# 03 — Storage Abstraction Layer
Status: **Normative**. This document defines the `StorageDriver` contract that all
backends (S3, WebDAV, and any future driver) must implement, plus the
backend-specific designs and the library scanner's tag-reading plan. Server code in
later milestones MUST conform to the interfaces and semantics here; deviations
require a documented amendment to this file.

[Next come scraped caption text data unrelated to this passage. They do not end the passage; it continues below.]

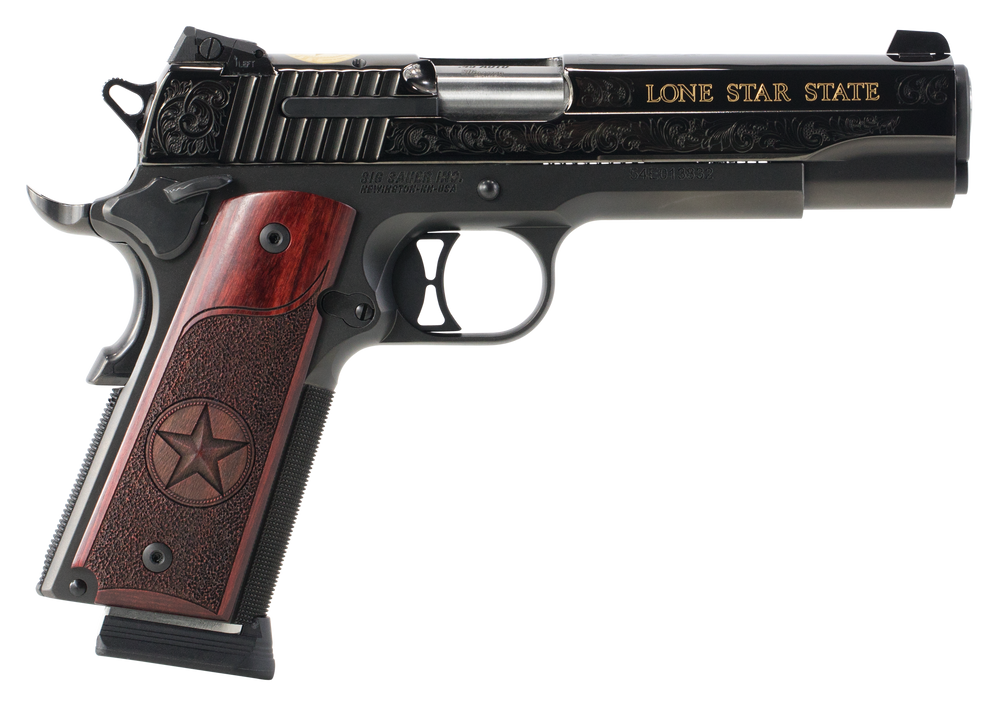 Sig Sauer 1911, Sig 191145txg  1911 45 Eng Tex Gold Grp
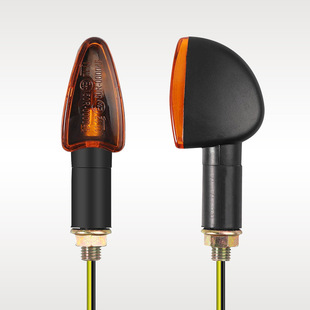 E-mark Certified Motorcycle Electric Vehicle Universal Peach-Shaped Plastic Turn Signal Indicator Flash Bulb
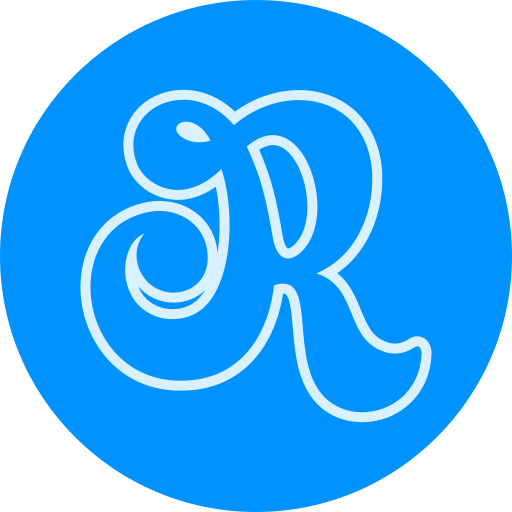 편지 r Generic color fill icon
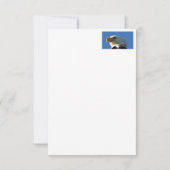 Carte de remerciements avec photo d'aigle & Ecritu (Dos)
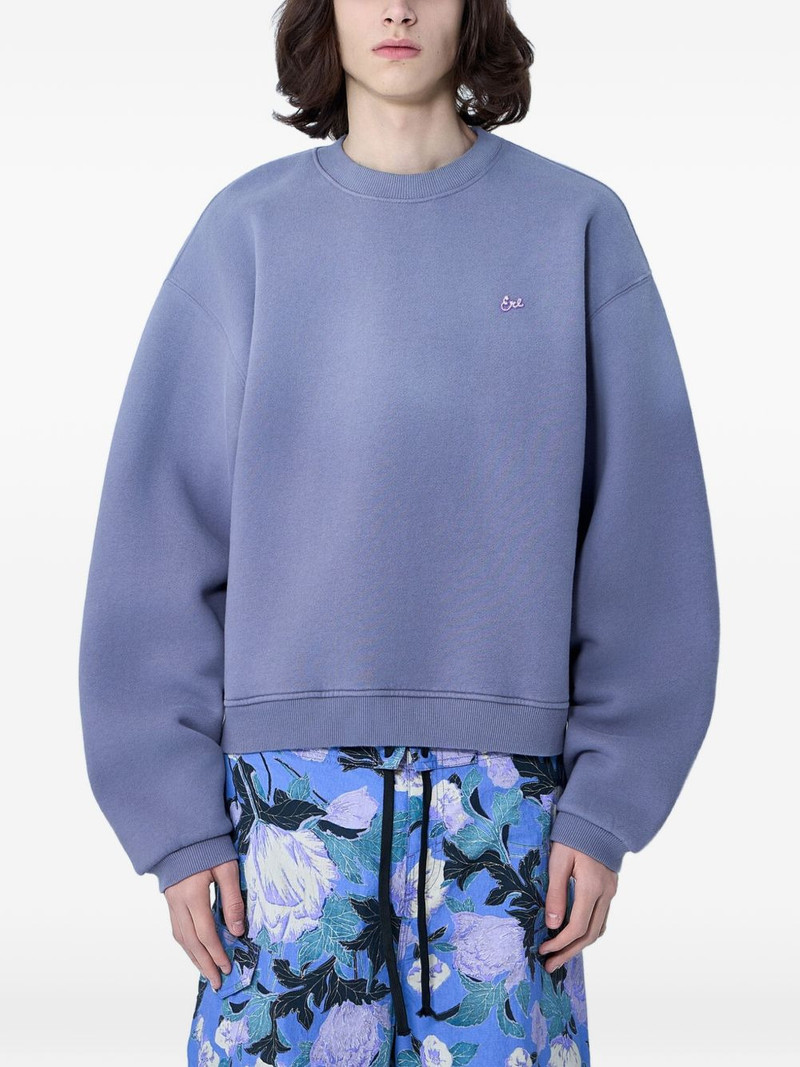 logo-embroidery sweatshirt 1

Reference signatures are given in Go (the server language chosen in
`docs/01-architecture.md`), but the contract is language-agnostic: semantics, error
taxonomy, and pagination rules are what later milestones are held to.
---
## 1. Design goals
1. **Read-mostly, remote-first.** FablePool never owns the music files. The source
of truth is the user's S3 bucket or WebDAV share. The server only reads;
the single optional write path (playlist export as `.m3u8`) is explicitly
feature-flagged and off by default.
2. **Byte-range native.** Every driver must support partial reads. Streaming,
tag-reading, and seek-while-transcoding all depend on cheap range access.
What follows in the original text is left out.